1. Gli occhi come un varco

“Santa Lucia, per tutti quelli che hanno gli occhi e un cuore che non basta agli occhi” scrive De Gregori nella sua canzone dedicata alla protettrice della vista. Quante volte ci sembra che il nostro cuore non riesca a sopportare il peso di quello che vede o ri-vede: una sofferenza inaudita; una crudeltà disumana; un desiderio impossibile; un’occasione persa; il viso di un amore non corrisposto. “Non riesco nemmeno a guardare” e chiudiamo gli occhi o distogliamo lo sguardo per interrompere la connessione tra noi e quella scena.

Gli occhi infatti non sono solo un sentiero che porta dentro di noi, ma anche un passaggio per esternare qualcosa che ci cresce nel profondo. I nostri sentimenti, le emozioni, le sensazioni. “Uno sguardo vale più di mille parole”.

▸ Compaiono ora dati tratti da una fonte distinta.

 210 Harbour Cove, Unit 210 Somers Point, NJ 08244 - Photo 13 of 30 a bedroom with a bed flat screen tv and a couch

Nel dipinto di Alexandre Cabanel, L’angelo caduto, è raffigurato Lucifero dopo essere stato cacciato da Dio dal paradiso ed esiliato negli Inferi. Non ci occorre vedere il suo viso, che affiora appena dalle braccia, per capire cosa stia provando perché è il suo sguardo che racconta. Gli occhi sono ridotti a due fessure ma si percepiscono tutta l’ira, la tristezza, la sofferenza e la follia mescolate in quella lacrima che simile ad una perla si stacca dall’occhio destro. Si crea così sulla tela uno spiraglio nell’intimità di Lucifero.

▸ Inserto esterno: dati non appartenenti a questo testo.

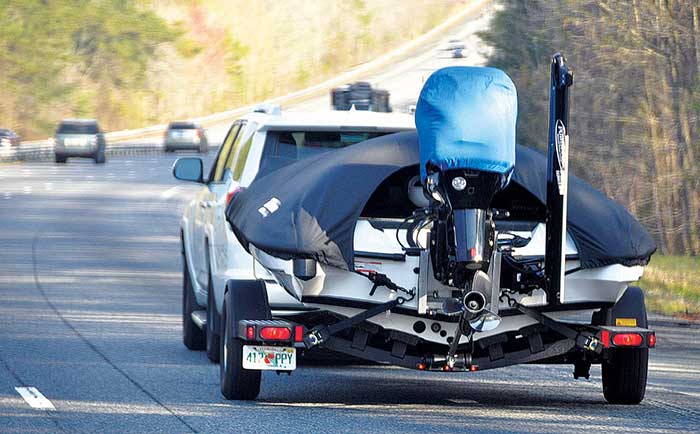 Towing a covered powerboat down the highway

Non solo la presenza, ma anche l’assenza degli occhi può diventare elemento cardine all’interno dell’arte. Amedeo Modigliani annovera tra le sue opere molti ritratti femminili che non hanno gli occhi. Il pittore afferma che «Gli occhi sono lo specchio dell’anima. Dipingerò i tuoi occhi, soltanto quando avrò conosciuto la tua anima». Dipingere gli occhi vuol dire entrare in una sfera più personale e profonda del soggetto oltrepassando quel limite tra superficialità ed interiorità, corpo e anima. Le orbite vuote passano dal poter essere una finestra aperta sull’interno ad un passaggio bloccato allo sguardo altrui.

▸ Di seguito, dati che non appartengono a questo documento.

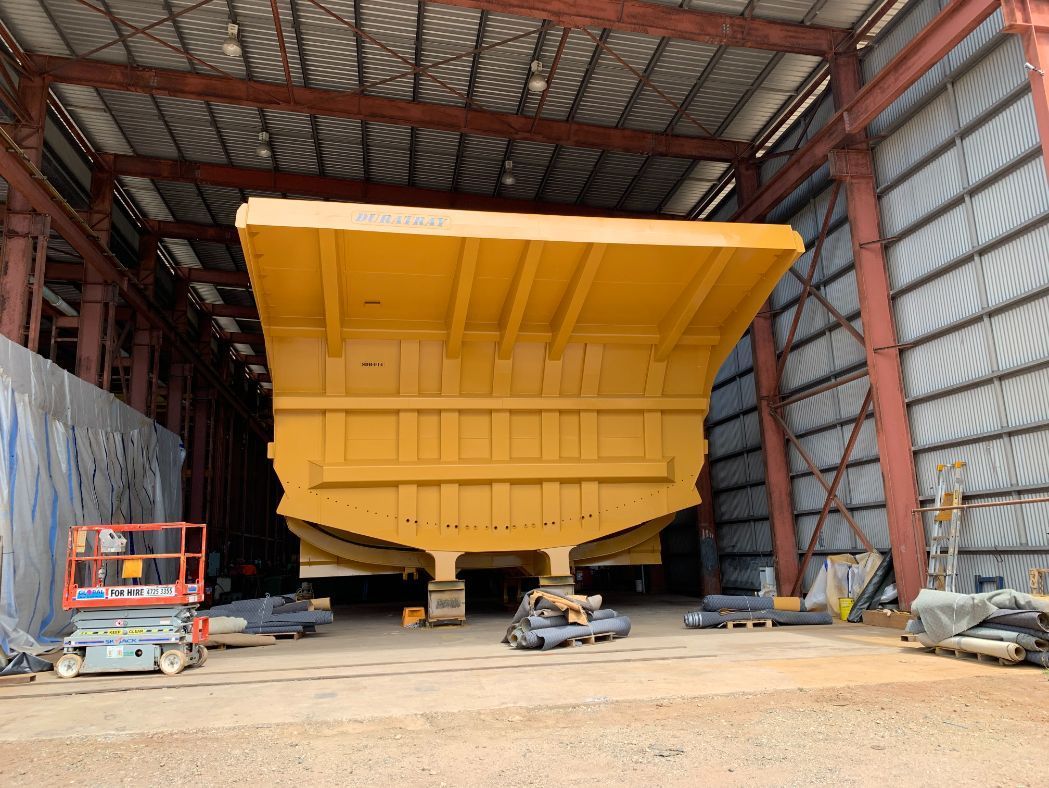 A Large Yellow Dump Truck is Sitting Inside of a Large Building — LJ's Technical Services In Burdell, QLD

2. Gli occhi come controllo e protezione

“Lontano dagli occhi, lontano dal cuore” recita la saggezza popolare e in questa semplice frase si legge un concetto molto chiaro: gli occhi garantiscono il controllo. In questo caso specifico si parla di controllo su noi stessi, sulle nostre emozioni, ma ben più forte è la situazione speculare.

«Rinchiuso nella sua fortezza, il Signore di Mordor vede tutto. Il suo sguardo trafigge nuvole, ombre, terra e carne. Sai a cosa mi riferisco, Gandalf? Un grande occhio senza palpebre avvolto nelle fiamme.»

Ne Il Signore degli Anelli, Saruman parla a Gandalf del risveglio del Potere del Signore Oscuro, Sauron, che dalla sommità di Barad-dûr, sotto forma di un occhio, esercita potere e paura sulla Terra di Mezzo. Non c’è nulla che possa sfuggire al controllo del grande occhio. 

Un altro “Occhio che tutto vede” è identificato con “L’Occhio della Provvidenza” che rappresenta Dio come protettore dell’umanità. Lo scrittore Mark Twain lo descrive in questo modo: «L’occhio comune vede solo la parte esteriore delle cose, e giudica in base ad essa, l’occhio che tutto vede invece, attraversa le cose leggendo cuore e anima, trovando lì capacità che all’esterno non sono percepibili e non rilevabili da chi sprovvisto di questo dono». La sua visione è in termini di “capacità”, dono di andare oltre la superficie delle cose, più che di simbolo di divinità.

Molte altre culture adottano gli occhi per indicare sorveglianza, protezione ed attenzione, come l’Occhio di Horo e il Nazar.

3. Occhi e Destino

Se gli occhi ci permettono di affacciarci sul mondo e di controllarlo, riusciamo anche a vederne la Verità?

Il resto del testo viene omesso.